Informo gratuitamente estas dezenas de Karl Poppers de bolso que o povo, na sua imensa e esmagadora maioria, e por todas as razões ideossincráticas e mais algumas, nunca perderá tempo a ver coisa que se revista de um mínimo de qualidade ou solicite a mais básica das ponderações.
Pelo menos nos próximos 100 anos, com tendência a piorar.

Mais informo que os programas que apelavam antigamente para o raciocínio ou interiorização de conceitos não-básicos foram sendo progressivamente banidos do mainstream, por se provar a sua continuada impenetração na audiência.
Mais: cedo se percebeu que uma programação que não roçasse o mais baixo que o ser humano é capaz se mostrava ruinosa para a sobrevivência das estações que ingénuamente tentaram promovê-la, na medida em que um programa não-estúpidificante provoca de imediato centenas de milhares e mesmo milhões de espectadores em desabrida para as concorrências que, súbita e desmesuradamente, se vêem engordar, independentemente das suas próprias programações do momento (desde que igualmente imbecis, é claro).

Este efeito de zap pernicioso atirou dezenas de pequenas estações regionais nos EUA para a mais negra falência e obrigou muitas outras grandes estações a "corrigirem-se" editorialmente a fim de, simplesmente, conseguirem sobreviver.

Mas também era só ler.
Está tudo estudado, publicado, defendido em milhares de teses por esse mundo fora. Não se inventa a pólvora aqui.
As outras televisões generalistas por todo o mundo desenvolvido são iguais ou piores que as nossas.
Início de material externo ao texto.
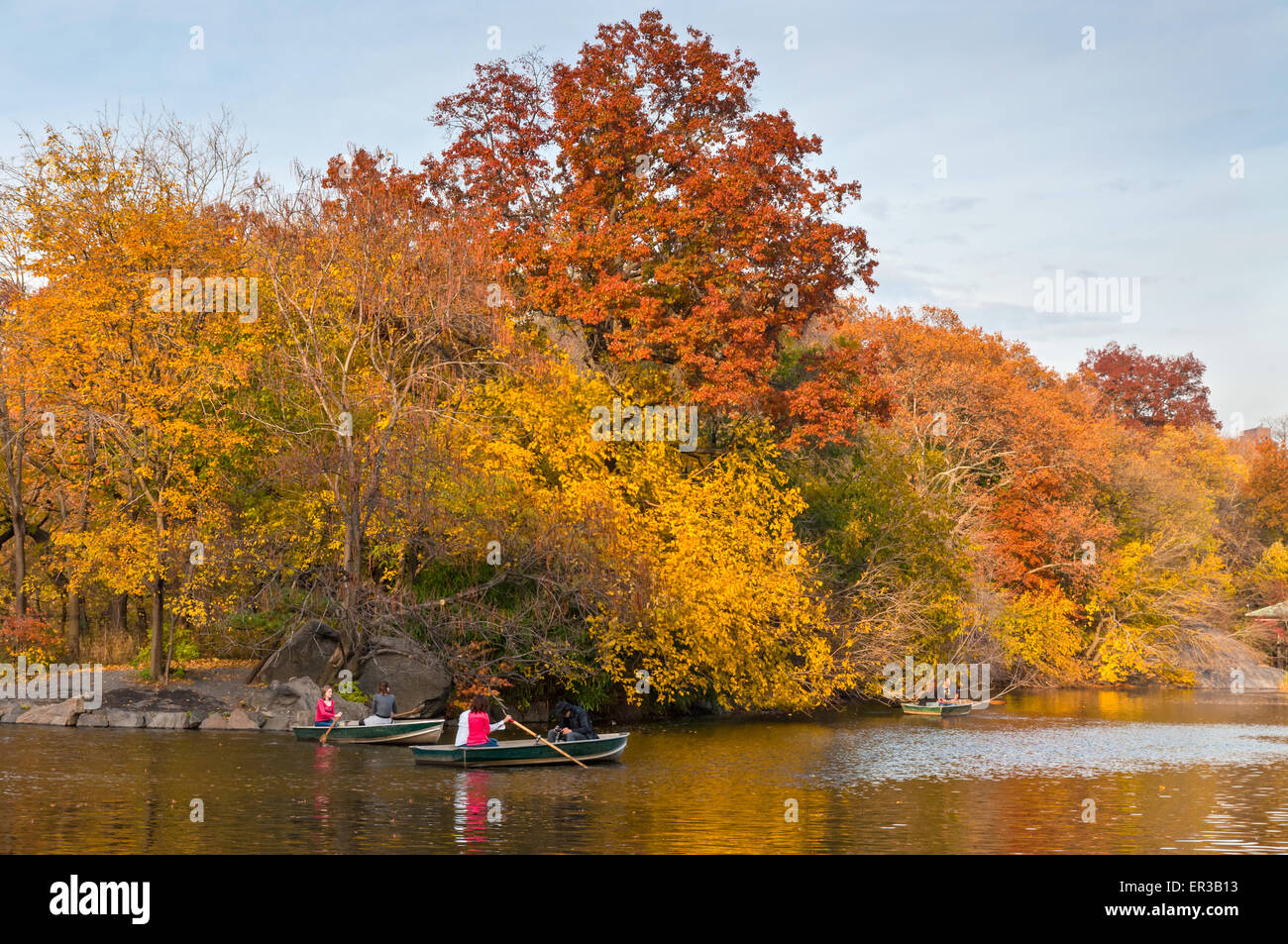 People row in recreational boats on a lake in beautiful autumn Central Park, NYC. Stock Photo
Em Portugal - o país em que se instituíu que a popularidade deve substituir a competência - devíamos continuar a ser criativos.
O que é recomendável e popular aqui é precisamente o inverso do defendido para a RTP: mais canais a darem o mesmo, para que o povo possa ter acesso a novelas e futebol ininterruptamente, enquanto o futebol e as novelas dos canais concorrentes estiverem em pausa para o publicitário intervalo.

"Os portugueses" (como lhes chama a TVI) aderem em massa a este formato, legitimando aquele que parece ser o verdadeiro serviço público reservado à televisão em Portugal: A transmissão de "reality shows" em sessões contínuas.

Mais generalismo implica, por outro lado, descida dos preços na publicidade aos pensos higiénicos e aos detergentes para a louça.
Todos ganhamos com isso.
Ficaremos a conhecer muitas mais marcas que lavam 1 milhão de caçarolas com meia gota, pensos que deixam respirar e fazer o pino, e iogurtes que possibilitam a levitação de todas as senhoras obesas que os carregarem, às caixas, nos hipermercados.

A guerra Quixotesca a favor da cultura do povo está perdida por definição, porque o povo simplesmente não quer ser chateado com cultura de nenhuma espécie.

Quer é circo. E isso tem. Portanto é feliz.

A Manuela Ferreira Leite pode continuar descansada.